What Does a Data Analyst Do? A Full Breakdown.

If you love puzzles and have a soft spot for math, a data analyst role might prove to be the right career choice for you. Over the last few decades, the amount of consumer, product, and industry information that companies need to sort through and analyze has skyrocketed, pulling the demand for talented data professionals along with it. 

But what is a data analyst? And what do data analysts do, exactly? In simple terms, these information wranglers collect, organize, and analyze information to produce actionable insights on industry trends for their employers. When they do their jobs well, companies in all sectors — not just the tech industry — stand to benefit. 

The research supports that point. In 2019, researchers from McKinsey noted in a whitepaper that out of the studied businesses, those who implemented data and analytics teams tended to perform better than those who lagged in incorporating such technology. Respondents from the highest-performing organizations were three times as likely to say that their “data and analytics initiatives have contributed at least 20 percent to earnings before interest and taxes (EBIT) over the past three years.” 

These numbers are compelling. To borrow a quote from organizational theorist Geoffrey Moore, “Without big data analytics, companies are blind and deaf, wandering out onto the Web like deer on a freeway.” 

Customers that visit a company’s website leave a vast store of useful data, even if they never complete a purchase or interact with employees. If businesses can distill meaning out of the information they collect, they can gain a deeper and more thorough understanding of their customers’ behaviors, spending patterns, and market needs. In some cases, they may even have a better chance of optimizing their business strategy for market success.

In April of 2019, researchers for Deloitte surveyed over 1,000 executives about their perspectives on the growing role of data analytics in business and found that the majority believed analytics to be on par with long-established business drivers such as product innovation, risk management, and managing growth expectations. 

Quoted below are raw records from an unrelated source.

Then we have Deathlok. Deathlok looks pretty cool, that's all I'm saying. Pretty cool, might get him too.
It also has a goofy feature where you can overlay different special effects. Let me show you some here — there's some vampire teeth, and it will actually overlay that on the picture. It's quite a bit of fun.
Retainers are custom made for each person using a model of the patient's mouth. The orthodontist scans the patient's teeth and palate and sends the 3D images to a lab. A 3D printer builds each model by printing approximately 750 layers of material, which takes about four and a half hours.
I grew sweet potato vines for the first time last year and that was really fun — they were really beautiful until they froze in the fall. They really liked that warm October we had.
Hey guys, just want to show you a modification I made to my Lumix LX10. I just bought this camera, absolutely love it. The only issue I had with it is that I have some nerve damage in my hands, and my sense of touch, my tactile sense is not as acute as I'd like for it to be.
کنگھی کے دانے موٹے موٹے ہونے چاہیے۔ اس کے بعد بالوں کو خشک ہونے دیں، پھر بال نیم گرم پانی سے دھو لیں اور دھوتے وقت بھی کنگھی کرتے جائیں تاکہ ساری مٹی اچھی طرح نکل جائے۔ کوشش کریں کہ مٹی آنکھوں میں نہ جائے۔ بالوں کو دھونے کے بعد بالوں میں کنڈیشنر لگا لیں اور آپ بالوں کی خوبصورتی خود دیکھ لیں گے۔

A full 58 percent of those surveyed said that their organizations leverage analytics to identify business process improvements, while 55 percent do so to understand and improve the consumer experience, and 53 percent apply insights gleaned from analytics to guide their business strategy.

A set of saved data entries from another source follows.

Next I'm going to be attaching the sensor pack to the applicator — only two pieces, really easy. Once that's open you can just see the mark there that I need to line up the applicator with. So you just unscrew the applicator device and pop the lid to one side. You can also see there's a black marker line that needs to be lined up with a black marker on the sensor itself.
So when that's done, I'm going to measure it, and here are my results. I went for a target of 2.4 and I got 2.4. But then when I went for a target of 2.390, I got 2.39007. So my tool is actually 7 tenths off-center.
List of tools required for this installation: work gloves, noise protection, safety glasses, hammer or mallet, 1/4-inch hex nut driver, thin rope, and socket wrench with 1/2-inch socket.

Chart showing the top reasons companies use data analytics

But analytics alone can’t prompt success; business needs talent for that. As Victor Nilson, Senior VP of Big Data for AT&T, once commented for McKinsey, “Talent is everything, right? You have to have the data, and, clearly, AT&T has a rich wealth of data. But without talent, it’s meaningless. Talent is the differentiator. The right talent will go find the right technologies; the right talent will go solve the problems out there.”

So, let’s get into it — what, exactly, does a data analyst do?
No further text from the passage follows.